## [WHAT YOU WILL DO]
Below are the entries. Print only the lines starting at the one with "Chico's Zebra Two-In-One" and ending at the one with "Installation view of", exactly, with no pictures.

## [PROVIDED RECORDS]
________
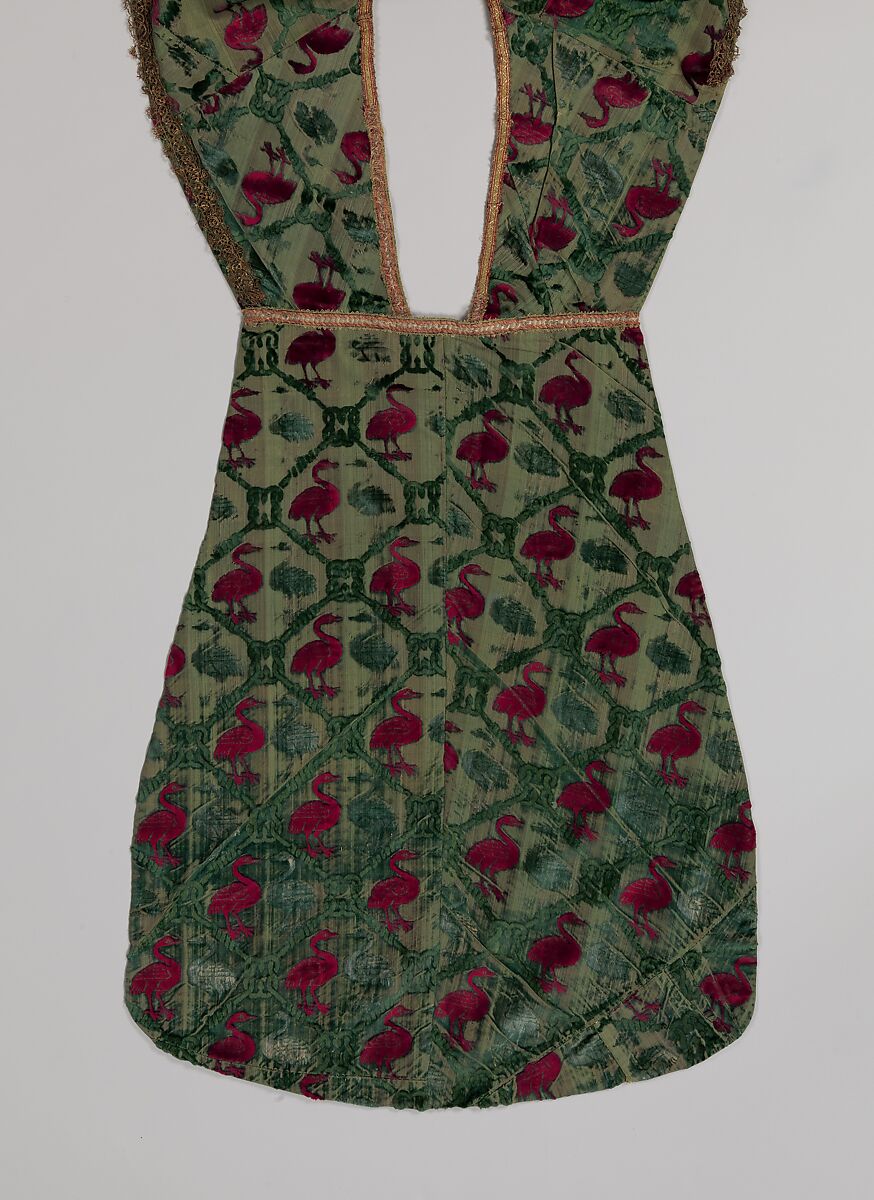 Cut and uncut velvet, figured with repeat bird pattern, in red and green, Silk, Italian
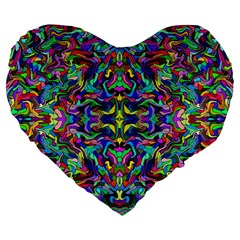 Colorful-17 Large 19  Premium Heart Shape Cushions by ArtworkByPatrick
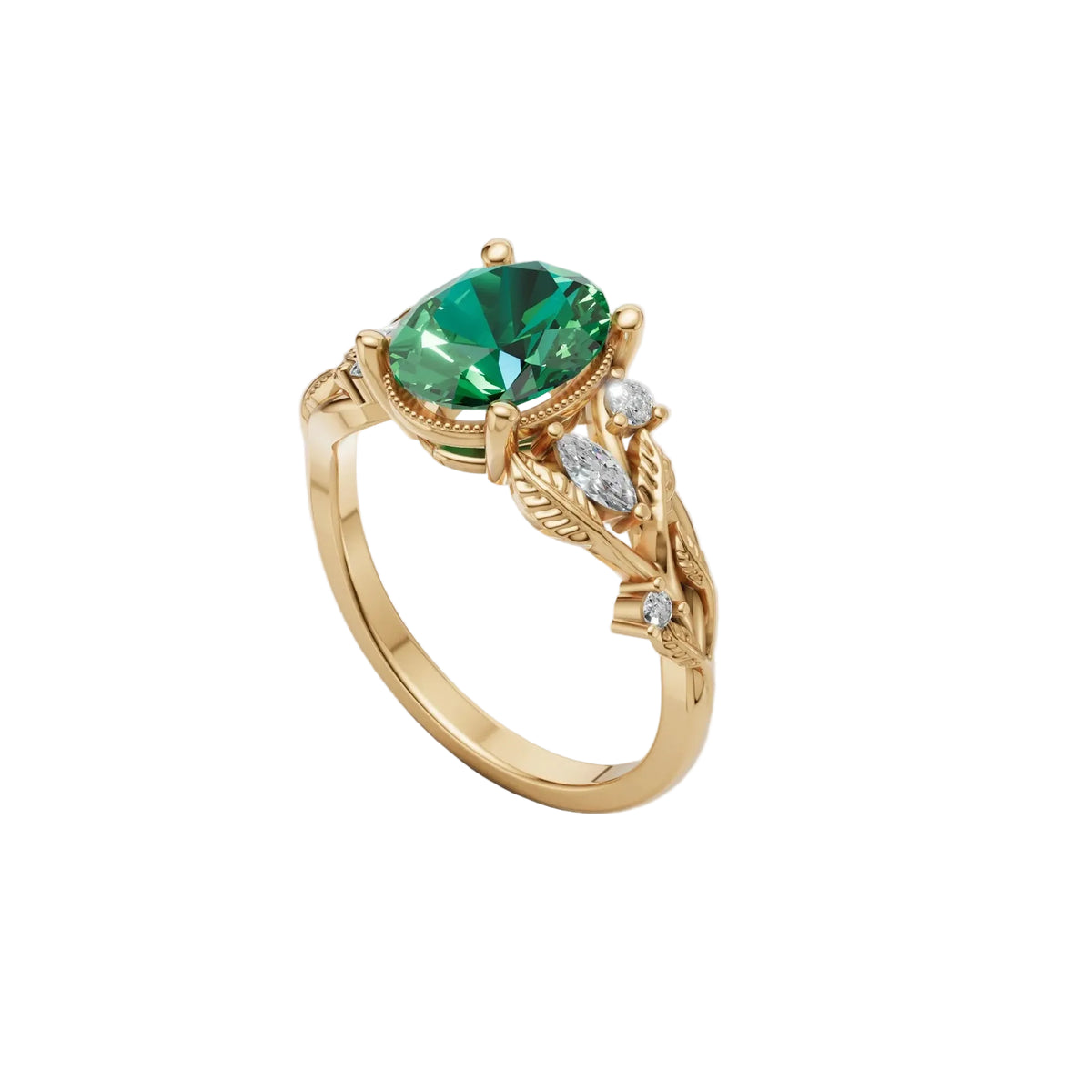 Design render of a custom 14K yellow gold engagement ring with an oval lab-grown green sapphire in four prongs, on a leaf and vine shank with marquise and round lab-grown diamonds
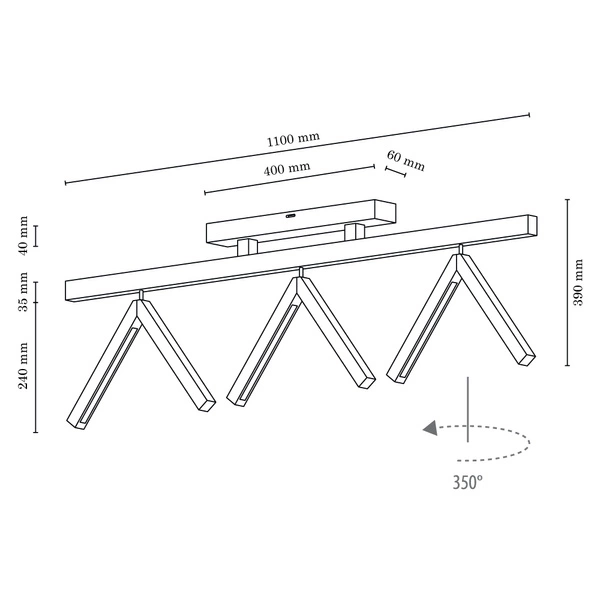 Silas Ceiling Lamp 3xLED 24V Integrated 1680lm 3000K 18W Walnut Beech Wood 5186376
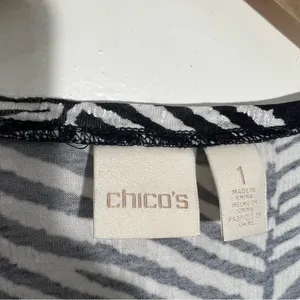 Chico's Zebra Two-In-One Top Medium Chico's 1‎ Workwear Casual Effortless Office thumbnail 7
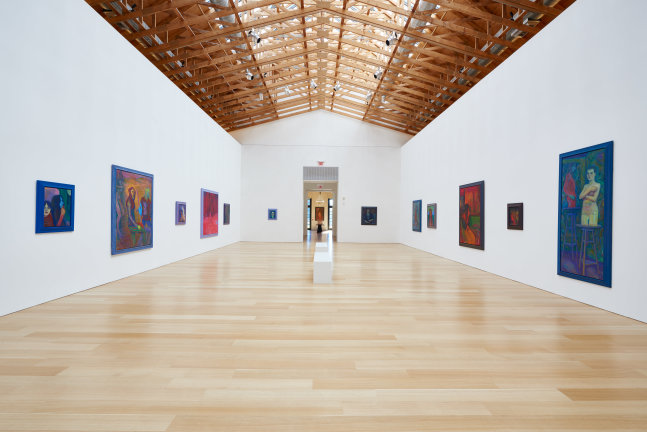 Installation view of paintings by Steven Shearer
________
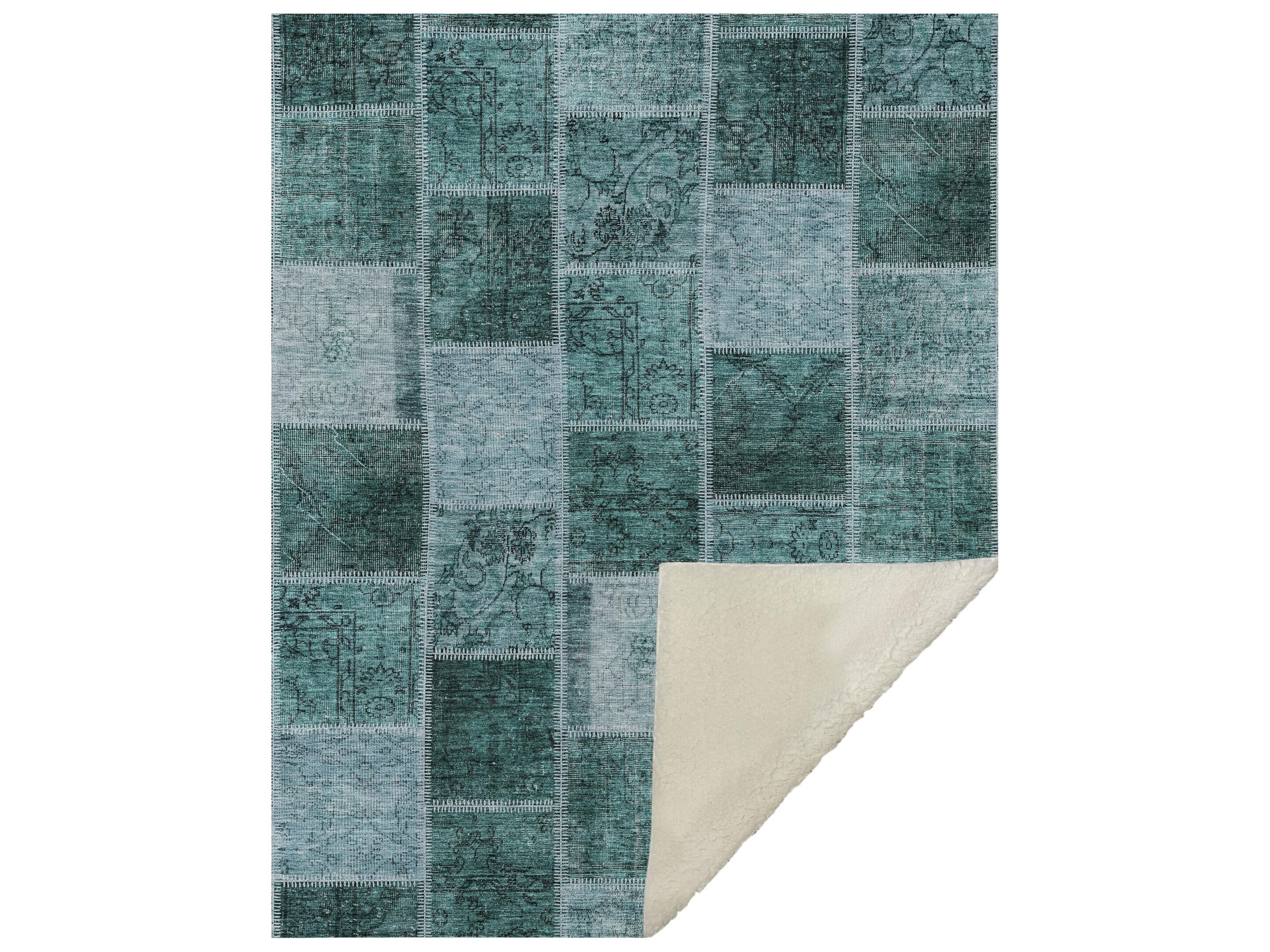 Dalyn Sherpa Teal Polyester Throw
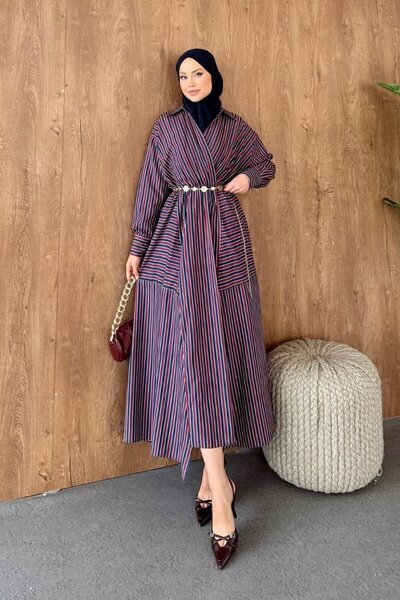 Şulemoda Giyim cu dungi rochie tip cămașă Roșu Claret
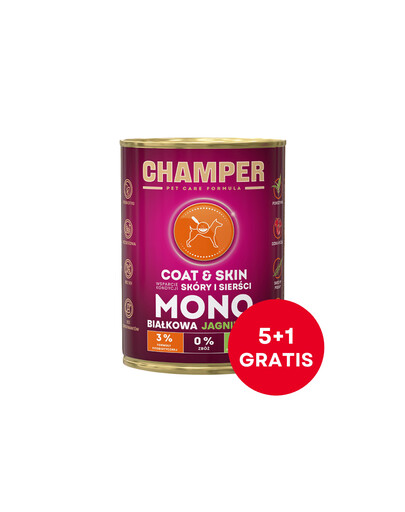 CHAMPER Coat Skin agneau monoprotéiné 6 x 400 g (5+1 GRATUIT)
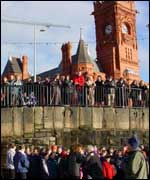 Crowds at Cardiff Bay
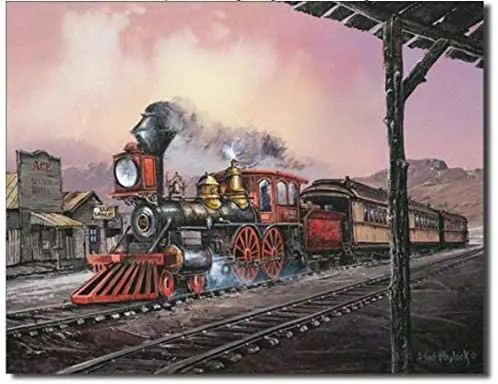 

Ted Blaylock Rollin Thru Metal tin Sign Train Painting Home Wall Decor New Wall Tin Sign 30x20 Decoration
________
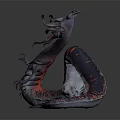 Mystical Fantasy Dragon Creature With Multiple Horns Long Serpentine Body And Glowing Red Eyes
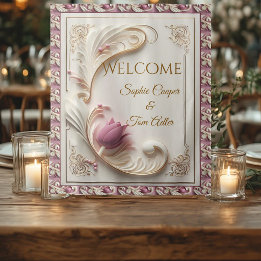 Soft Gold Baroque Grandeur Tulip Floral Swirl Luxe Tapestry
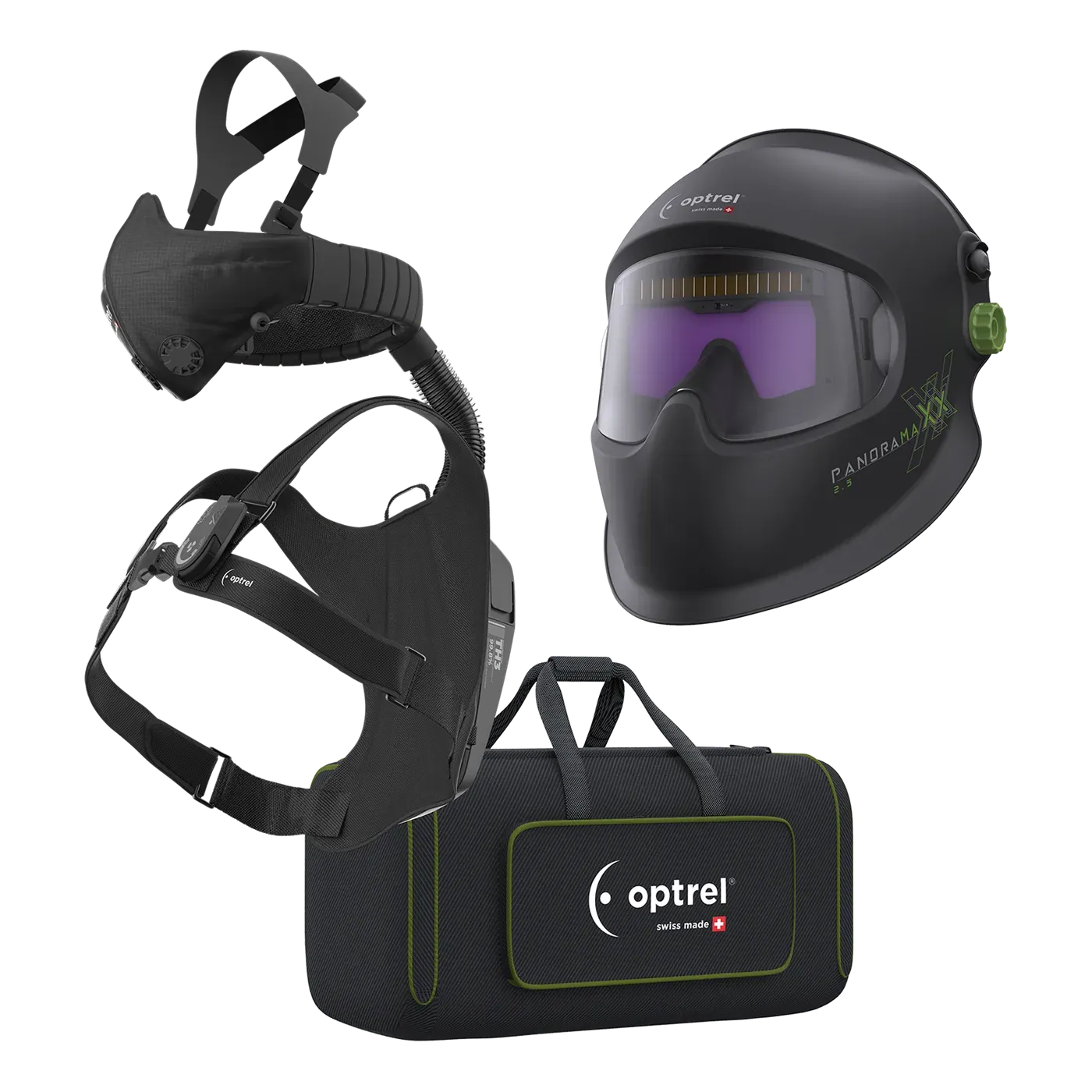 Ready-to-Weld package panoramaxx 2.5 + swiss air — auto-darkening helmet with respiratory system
________
## [RESPONSE TO THE EXERCISE]
 Chico's Zebra Two-In-One Top Medium Chico's 1‎ Workwear Casual Effortless Office thumbnail 7
 Installation view of paintings by Steven Shearer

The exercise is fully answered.